Would you repeat the listing exactly, without any of its images?

DATA SEGMENT:
|---|

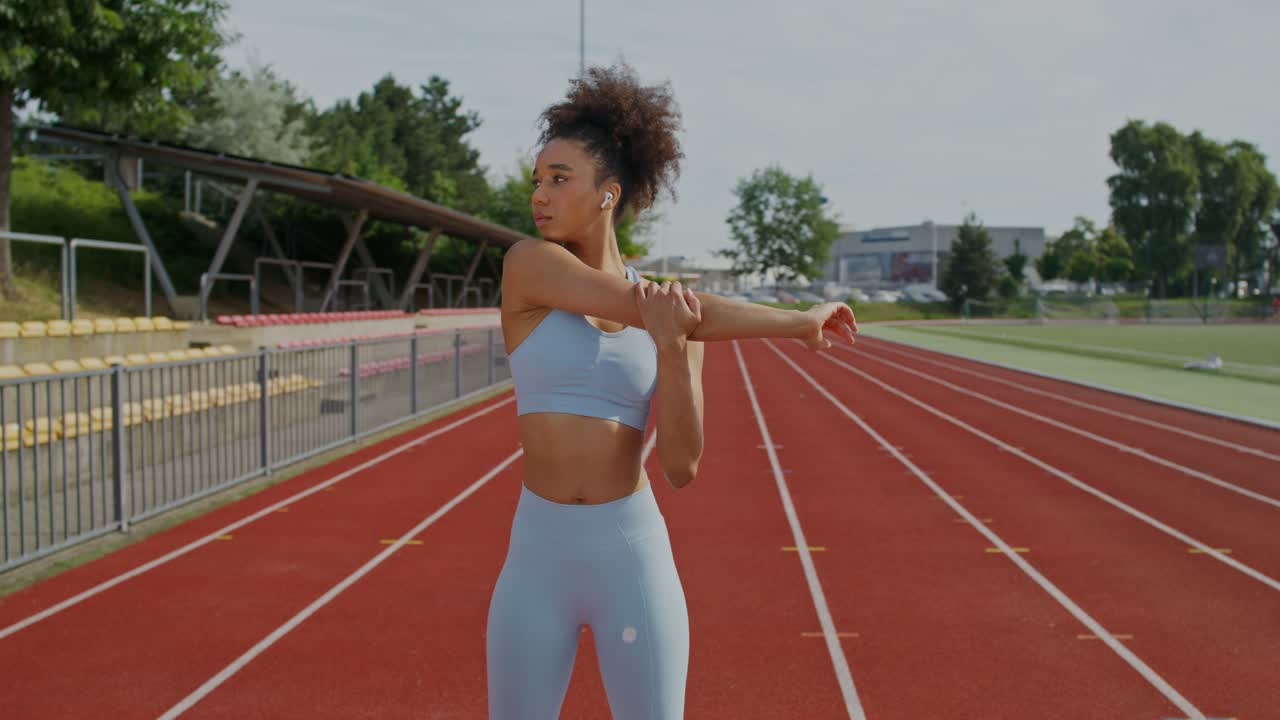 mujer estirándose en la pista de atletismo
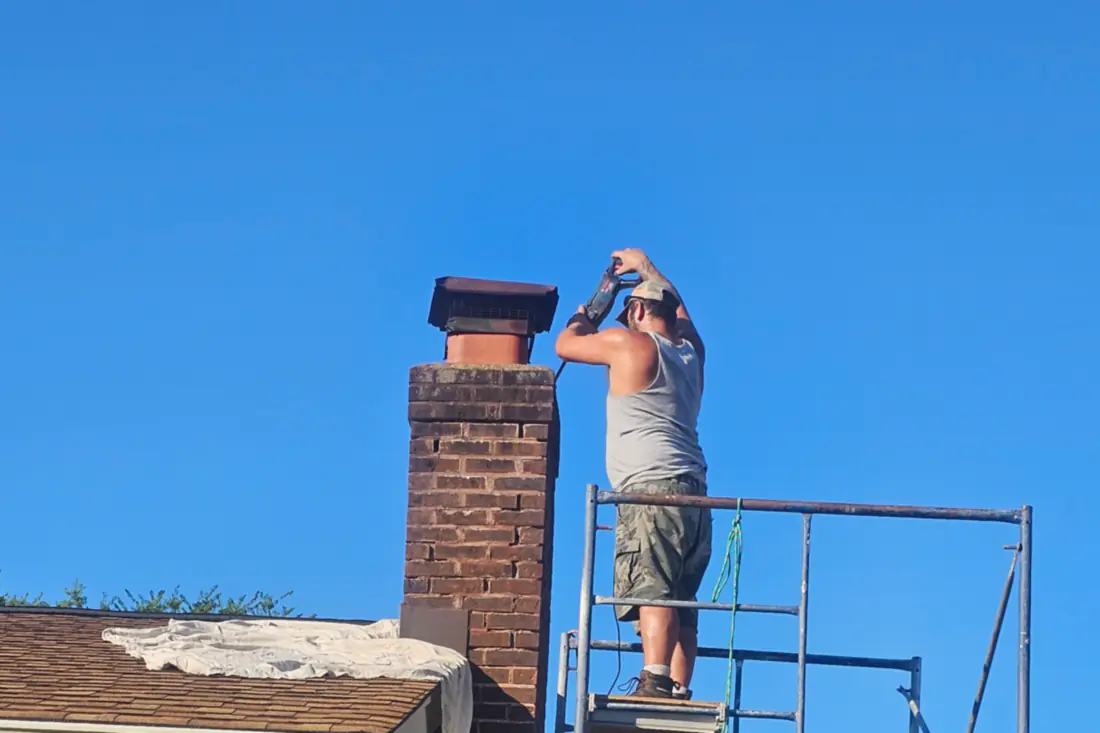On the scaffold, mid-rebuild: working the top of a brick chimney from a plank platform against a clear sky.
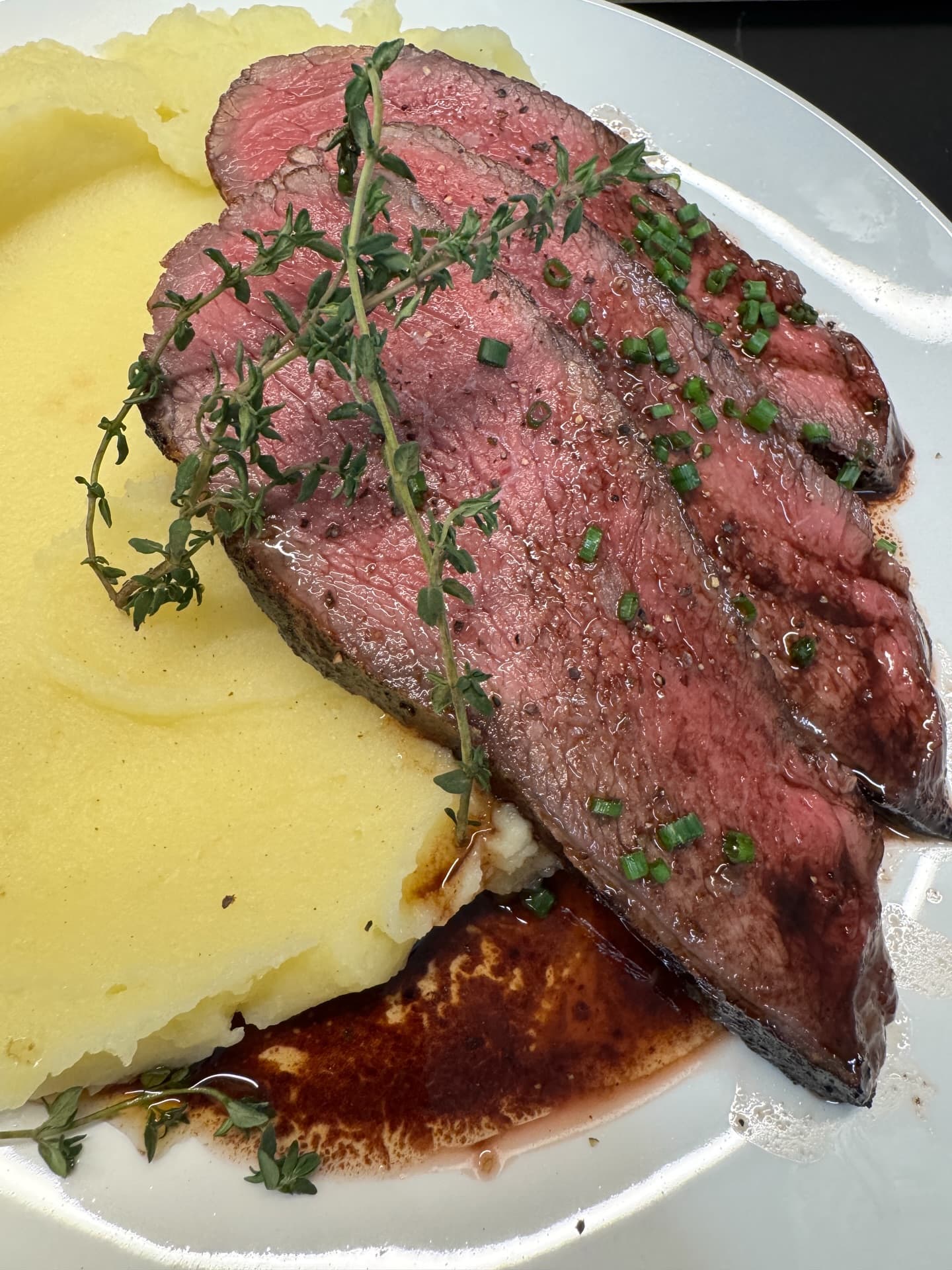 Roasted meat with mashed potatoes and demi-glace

|---|

ANSWER BOX:
 mujer estirándose en la pista de atletismo
On the scaffold, mid-rebuild: working the top of a brick chimney from a plank platform against a clear sky.
 Roasted meat with mashed potatoes and demi-glace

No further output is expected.